• EXERCISE GOAL
Since only part of the material is needed, please repeat exactly the line that includes "Набор алмазных надфилей" and every line after it, up to the last.

• SOURCE DATA
##############################

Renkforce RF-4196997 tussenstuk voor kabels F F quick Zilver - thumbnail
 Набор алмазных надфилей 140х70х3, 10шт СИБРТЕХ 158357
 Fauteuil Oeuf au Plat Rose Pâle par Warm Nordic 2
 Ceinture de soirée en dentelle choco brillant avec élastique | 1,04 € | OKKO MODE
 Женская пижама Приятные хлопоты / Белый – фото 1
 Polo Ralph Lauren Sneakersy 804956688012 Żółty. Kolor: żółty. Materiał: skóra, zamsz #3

##############################

• EXERCISE SOLUTION
 Набор алмазных надфилей 140х70х3, 10шт СИБРТЕХ 158357
 Fauteuil Oeuf au Plat Rose Pâle par Warm Nordic 2
 Ceinture de soirée en dentelle choco brillant avec élastique | 1,04 € | OKKO MODE
 Женская пижама Приятные хлопоты / Белый – фото 1
 Polo Ralph Lauren Sneakersy 804956688012 Żółty. Kolor: żółty. Materiał: skóra, zamsz #3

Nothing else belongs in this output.